鎌倉をよく散歩するが、お寺が多いので、こんな案内標識があちこちにある。卍(まんじ)は日本人にはおなじみだが、これに不快感を示す外国人観光客がけっこういるらしい。先日読んだ中垣顕實著
「卍とハーケンクロイツ」は、これについて書いたとても面白い本なので紹介したい。
この本を読んでから卍に目がいくようになり、あらためてお寺に行って、どのくらい卍が使われているか見てみた。下は浅草の浅草寺で撮った写真のほんの一部だが、そのつもりで見るとたしかにそこらじゅうに卍がある。
卍は仏教だけのシンボルかと思っていたが、ちがうそうだ。仏教 • ヒンズー教 • ジャイナ教など多くの宗教で使われてきた。地域的には日本やインドなどアジア全域、さらにはヨーロッパやアメリカにも存在していて、時間的には3千年以上の歴史がある普遍的なマークだということだ。これら世界各地の卍のバリエーションすべては共通して、「幸福」や「幸運」を意味している。
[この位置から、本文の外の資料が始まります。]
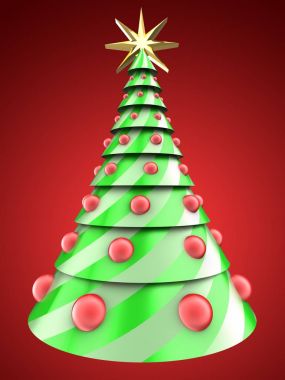 Noel ağacının gösterimi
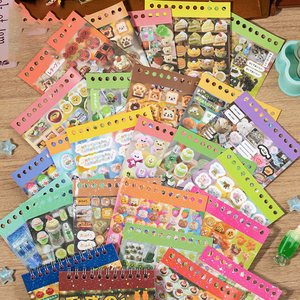 JHM M5 Autocollants Aji Voyage Série Style <span class=keywords><strong>Japonais</strong></span> Alimentaire Matériel Manuel Décoration Collage - Product Image 4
このマークを総称する一般名称は「スワスティカ」(Swastika)というそうだ。
ナチの「ハーケンクロイツ」(Hakenkreuz)は似ていても起源は全く別で、キリスト教の十字架のバリエーションのひとつだそうだ。(だから日本では鉤形の十字架=『鉤十字』と訳されている)ところがこのマークがホロコーストのシンボルとなってしまったため、戦後、欧米では意図的に「ハーケンクロイツ」と呼ばず、あえて「スワスティカ」と呼ぶことで、キリスト教がナチと無関係であるふりをしてきたという。
欧米の観光客が日本の寺で卍を見つけると、仏教はナチのシンパかと怒る人がいる原因はそこにあると著者は言う。ハーケンクロイツは十字架であり、むしろキリスト教のほうががシンパであったことを欧米人自身が知らない(知らされていない)ことからくる誤解だ。だから著者の主張は、お寺の卍記号の横に正しい情報を知らせるように、英文の解説をかかげるべきだとしている。